There, Kuriliyunok said, they hired a local driver to take them through the border checkpoints. And after 24 hours, they arrived in Tbilisi.
“We are completely against this war,” he said. “For us, like for others, it’s scary. To die and to kill others, and for what? We don’t understand. Therefore, we decided to flee.”
They are far from being the only Russians who have made that trek.
Some 40,000 Russians have taken shelter in Tblisi since Putin’s forces invaded Ukraine on Feb. 24, according to government statistics cited by Reuters.
“I came to Tbilisi about a month and a half ago because I didn’t support the military invasion of Ukraine,” Ivan Streltsov, a reservist who could have been forcibly drafted had he been in Russia, told Reuters.
“I took part in protests when the military operation started,” he said. “For us as activists, things have become very difficult at this moment. In our own motherland, we are all being watched.”
The Russians are fleeing to countries inlcuding Georgia, Mongolia and Kazakhstan because they don’t require visas. But getting to the border has been an ordeal for many.
“It’s total chaos,” 30-year-old Rodion Logvin told The Moscow Times, after he made it into Georgia following a harrowing, 1,200-mile-drive from Moscow during which he said he dodged several police checkpoints.
Logvin said he waited 34 hours at the border before he was allowed to enter Georgia.
The new Maxar images emerged amid reports of long lines of Russians trying to cross the border into neighboring Finland, which until Saturday was one of the few entry points in Europe left for them after most Western countries barred the entry of all Russians in retaliation for Putin’s invasion of Ukraine.

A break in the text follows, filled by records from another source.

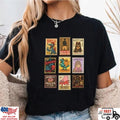 Retro Cartoon Stamp Collage T Shirt Funny Aesthetic Vintage Graphic Tee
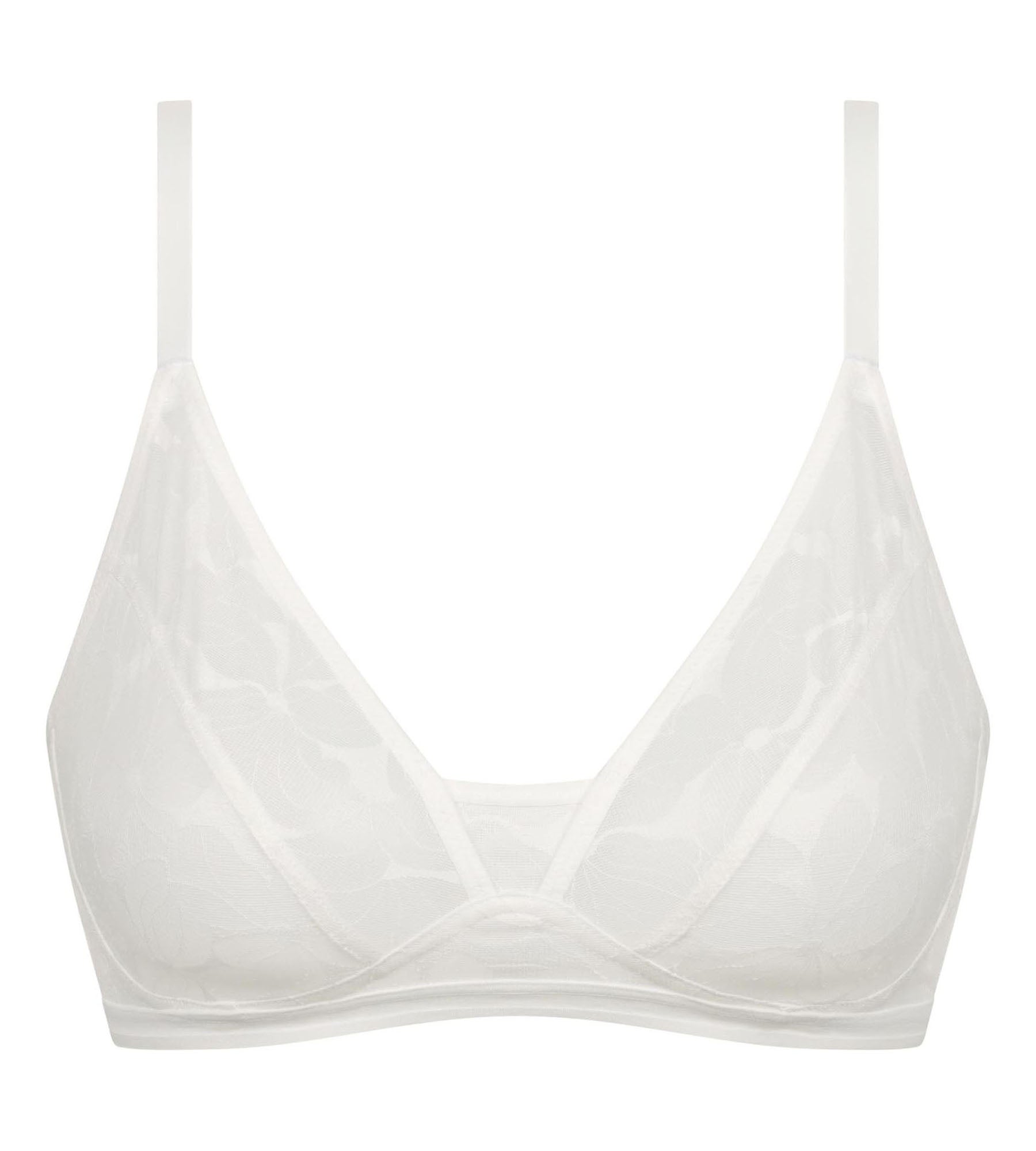 DIM Unwired triangle bra White Dim Bloom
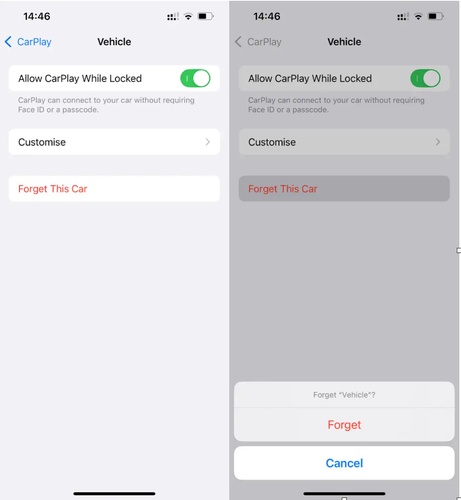 iOS 27 忘記此汽車設定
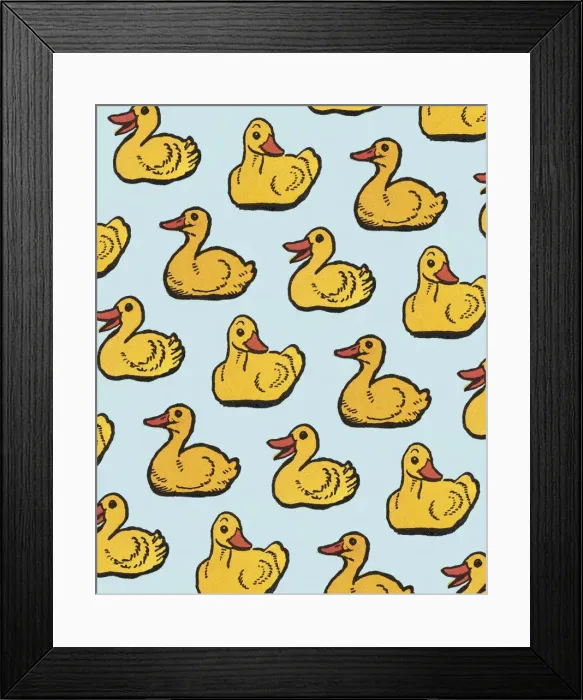 Framed Print : Pattern of Ducks Framed Print : Pattern of Ducks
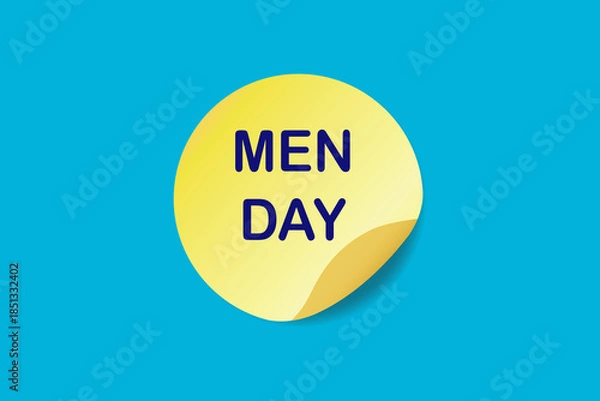 Fototapeta Sticky note with Mens Day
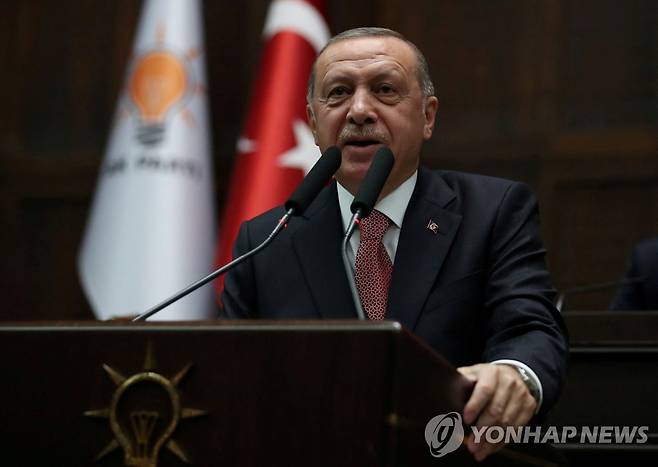 에르도안 튀르키예 대통령 [로이터 연합뉴스 자료사진. 재판매 및 DB 금지]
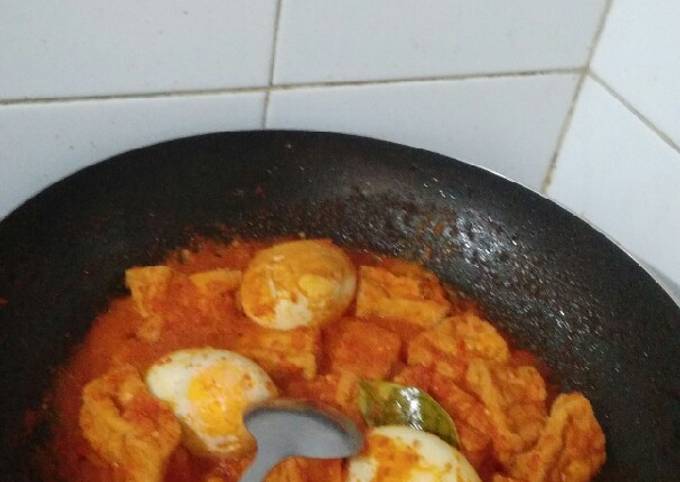 Standar Resep  membuat Bali tahu telur dijamin enak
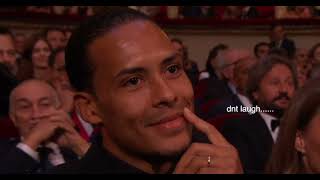 Virgil Van Dijk giggles at Cristiano Ronaldos quotSIUUUUquot [upl. by Eitsud911]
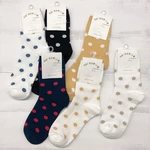 Ladies Socks For Girls Polka Dot Socks Women Black White Cute Kawaii Harajuku Socks Cotton Korean Style Casual Ankle Sock Woman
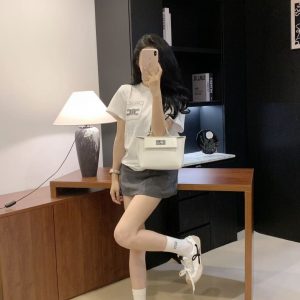 Designer Celine Short-Sleeved T-Shirt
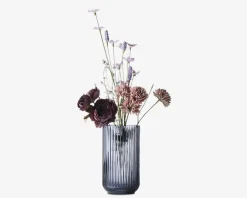 Sale Daells Bolighus Lyngby vase glas H.20 cm Blå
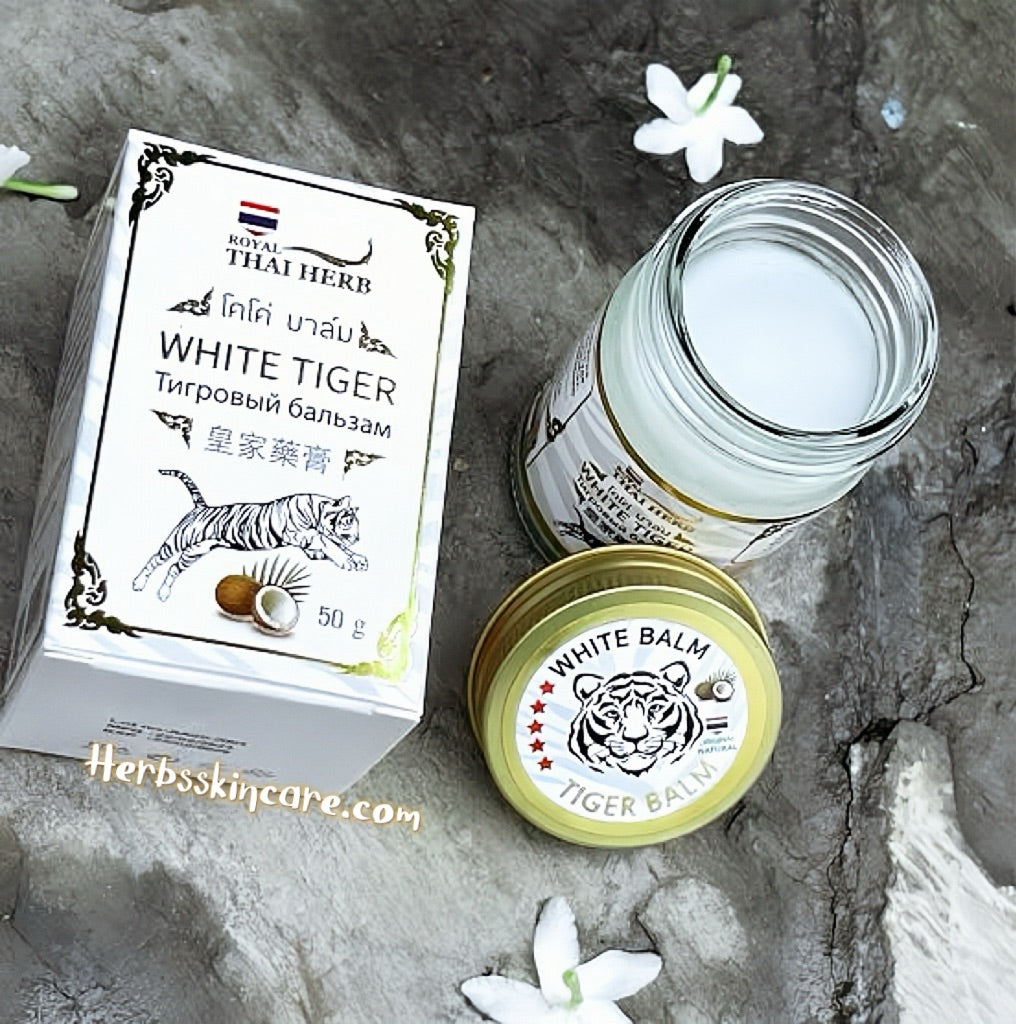 HIERBA REAL TAILANDESA - BÁLSAMO TIGRE BLANCO 50 G. (COCO)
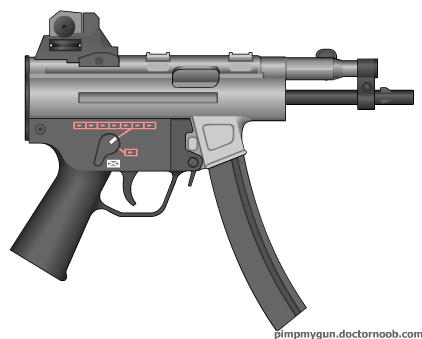 The Punisher - War Zone HK MP5K SMG by Scarlighter on DeviantArt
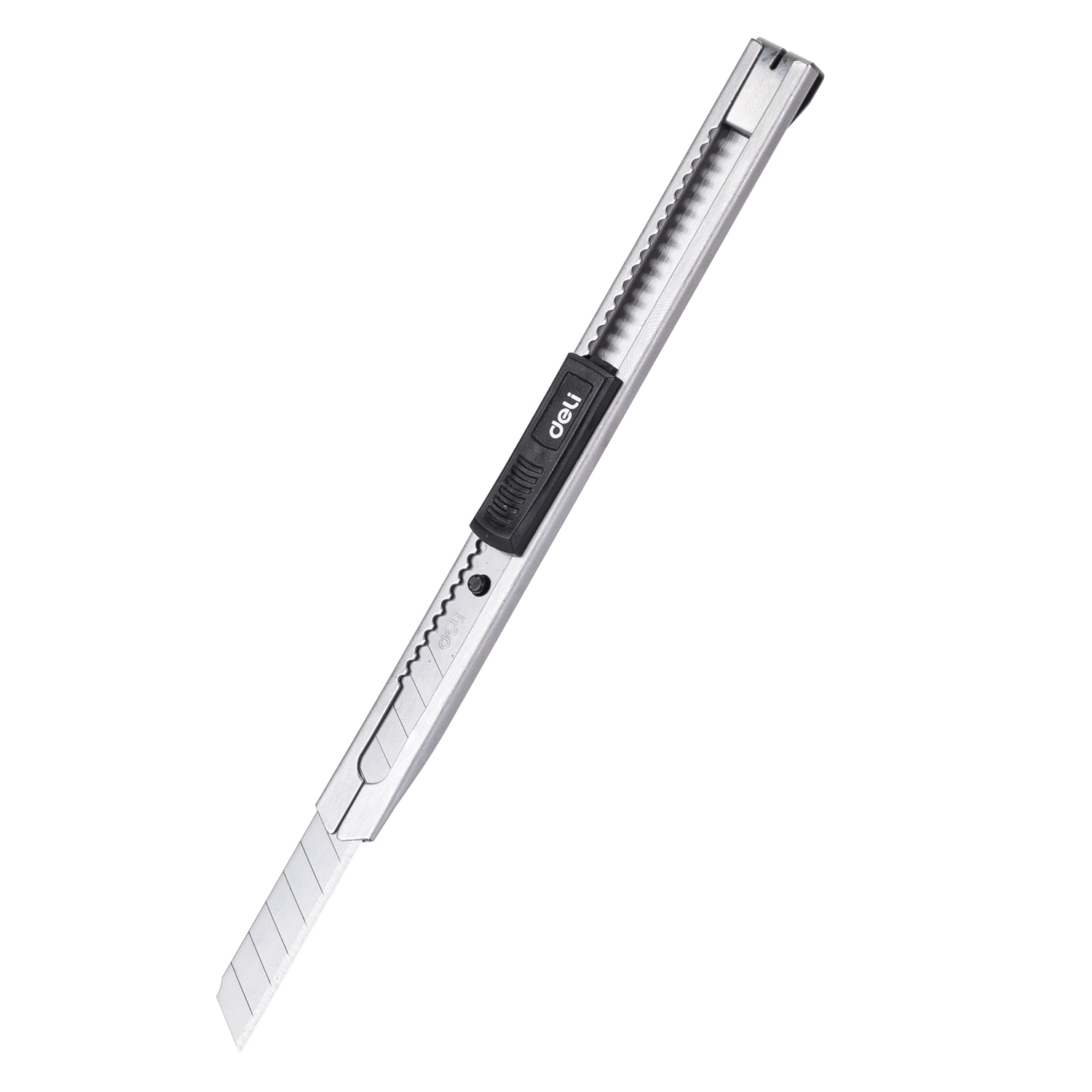 deli E2058 Cutter, 125×15×11MM(cutter), Silver - Image 5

Even before Putin announced the call-up, nine European Union countries stopped accepting Russian travel visas, including countries that border Russia including Poland, Latvia, Lithuania and Estonia.
Meanwhile, Russian and other media reported that flights to neighboring countries quickly sold out after Putin signed the decree increasing his country’s armed forces by 137,000 as the Kremlin’s war in Ukraine passed the six-month mark.
Putin’s decree aimed to increase the number of combat troops by about 10 percent, to 1.15 million and raise the military’s total head count to 2.04 million.
No official reason was given by the Kremlin, which had promised its people a quick victory and has for months been downplaying its defeats at the hands of the Ukrainians.
But Putin’s move came after his defense chief acknowledged that the Russian military campaign in Ukraine had stalled while experts warned that Moscow was running out of manpower and that its troops were demoralized.